Critical Pedagogy and Race
Title | Critical Pedagogy and Race PDF eBook |
Author | Zeus Leonardo |
Publisher | John Wiley & Sons |
Pages | 240 |
Release | 2009-02-09 |
Genre | Philosophy |
ISBN | 1405151064 |
Critical Pedagogy and Race argues that a rigorous engagement with race is a priority for educators concerned with equality in schools and in society. A landmark collection arguing that engaging with race at both conceptual and practical levels is a priority for educators. Builds a stronger engagement of race-based analysis in the field of critical pedagogy. Brings together a melange of theories on race, such as Afro-centric, Latino-based, and postcolonial perspectives. Includes historical studies, and social justice ideas on activism in education. Questions popular concepts, such as white privilege, color-blind perspectives, and race-neutral pedagogies.

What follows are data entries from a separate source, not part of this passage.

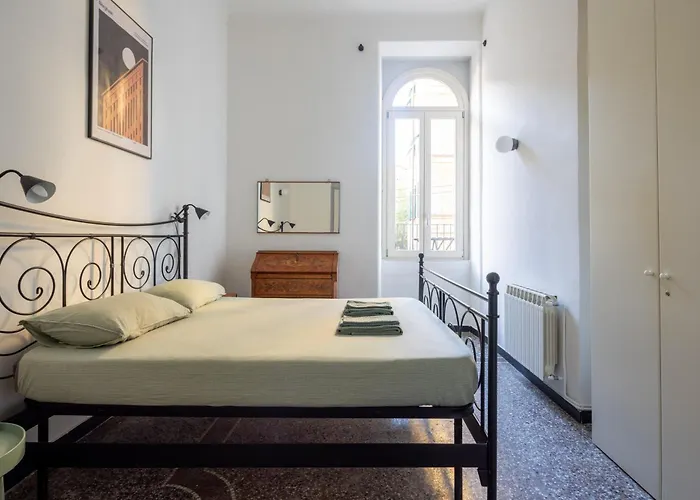 アパート C-44 Historic Stairway Authentic Charming With Aircon In Historic Building Up To 6ppl Newly Renovated *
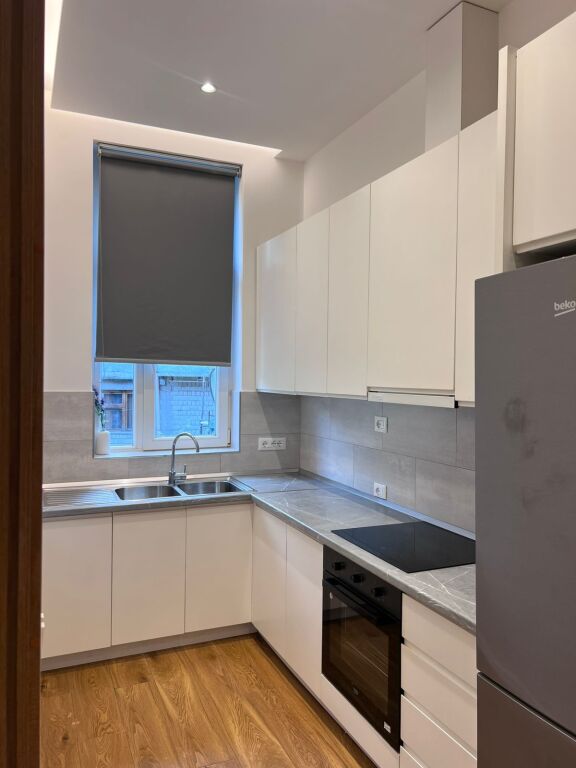 Apartament 2+1 me qera në Rruga e Durrësit, Tiranë, 90 m². Foto 2 nga 3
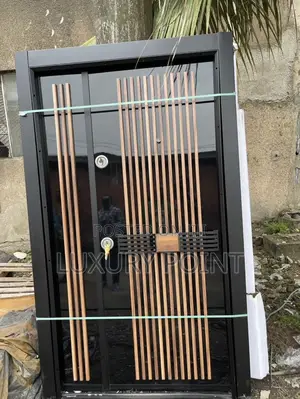 Luxury Door 94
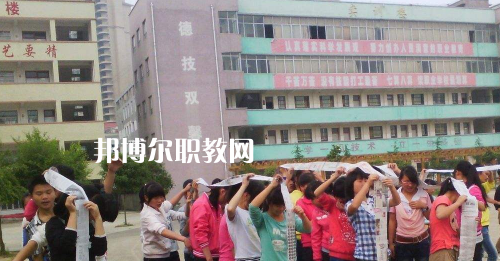 甕安鴻翔中等職業技術學校怎么樣、好不好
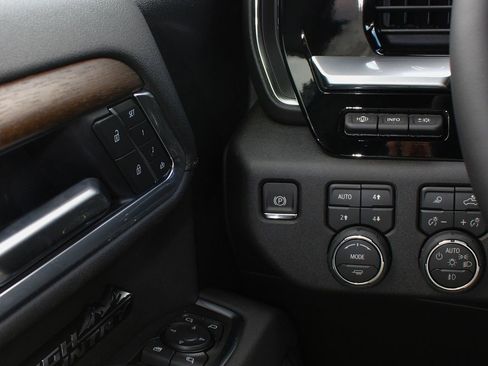 New 2026 Chevrolet Silverado 1500 High Country image 17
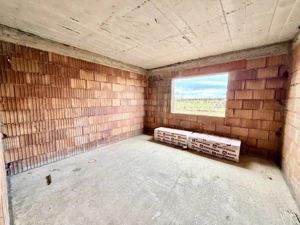 Casa individuala de 183 mp utili la rosu - Ianova - imagine 7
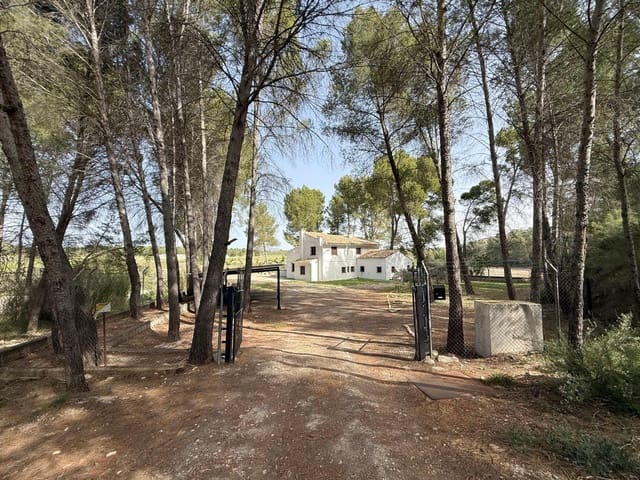 4 soveværelse Finca/Landehus til salg i Calasparra med swimmingpool - € 325.000 (Ref: 9770823)
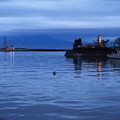 写真: 夕暮れの美保関港
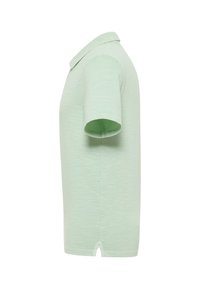 Koszulka polo w jasnym miętowym kolorze, z krótkimi rękawami, z miękkiego w dotyku materiału, z klasycznym kołnierzykiem i małym rozcięciem na plecach.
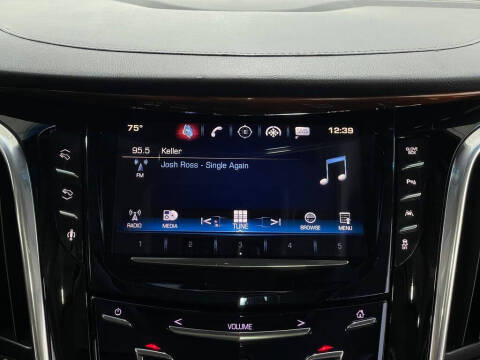 2016 Cadillac Escalade Luxury Collection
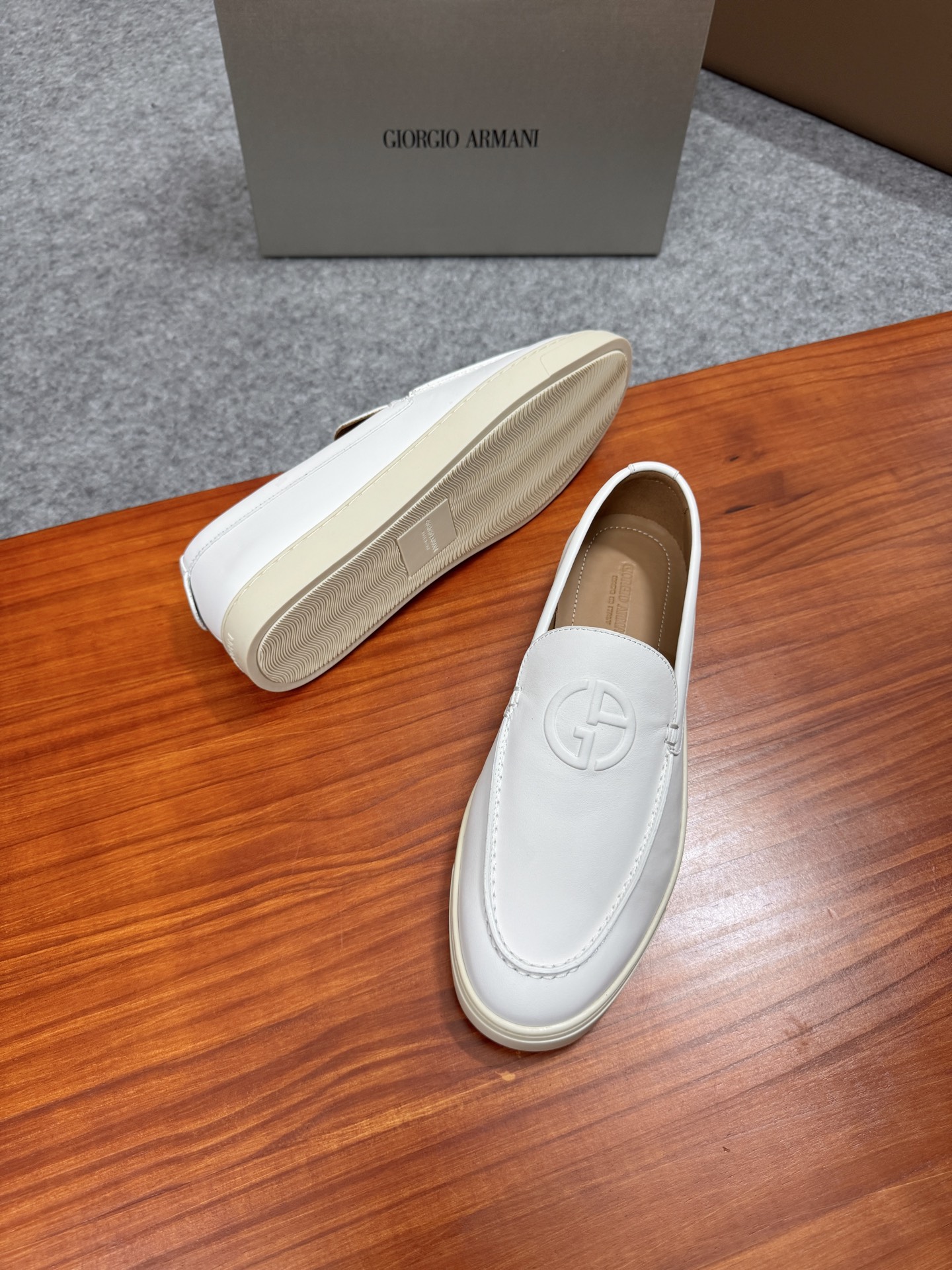 Giorgio Armani Classic White Leather Loafers - Timeless Style and Comfort 3 i1756039576234 9252 0 2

Race, Politics, and Pandemic Pedagogy
Title | Race, Politics, and Pandemic Pedagogy PDF eBook |
Author | Henry A. Giroux |
Publisher | Bloomsbury Publishing |
Pages | 296 |
Release | 2021-01-14 |
Genre | Education |
ISBN | 1350184446 |
In this book Henry A. Giroux passionately argues that education and critical pedagogy are needed now more than ever to combat injustices in our society caused by fake news, toxic masculinity, racism, consumerism and white nationalism. At the heart of the book is the idea that pedagogy has the power to create narratives of desire, values, identity, and agency at time when these narratives are being manipulated to promote right wing populism and emerging global fascist politics. The book expands on the notion of the plague as not only a medical crisis but also a crisis of politics, ethics, education, and democracy itself. The chapters cover a range topics beginning with historical perspectives on fascism and moving on to issues of social atomization, depoliticization, neoliberal pedagogy, the scourge of staggering inequality, populism, and pandemic pedagogy. The book concludes with a call for educators to make education central to politics, develop a discourse of critique and possibility, reclaim the vision of a radical democracy, and embrace their role as powerful agents of change.
Whiteness, Pedagogy, Performance
Title | Whiteness, Pedagogy, Performance PDF eBook |
Author | Leda M. Cooks |
Publisher | Lexington Books |
Pages | 344 |
Release | 2007 |
Genre | Education |
ISBN | 9780739114629 |
Whiteness, Pedagogy, Performance is unique in bringing together these three important topics in the context of communication teaching and scholarship with an eye toward interdisciplinary perspectives. In fourteen chapters, the leading whiteness scholars in the field of communication analyze the process of teaching and learning and the complicated intersections of whiteness, racial identity, and cross-racial dialogue.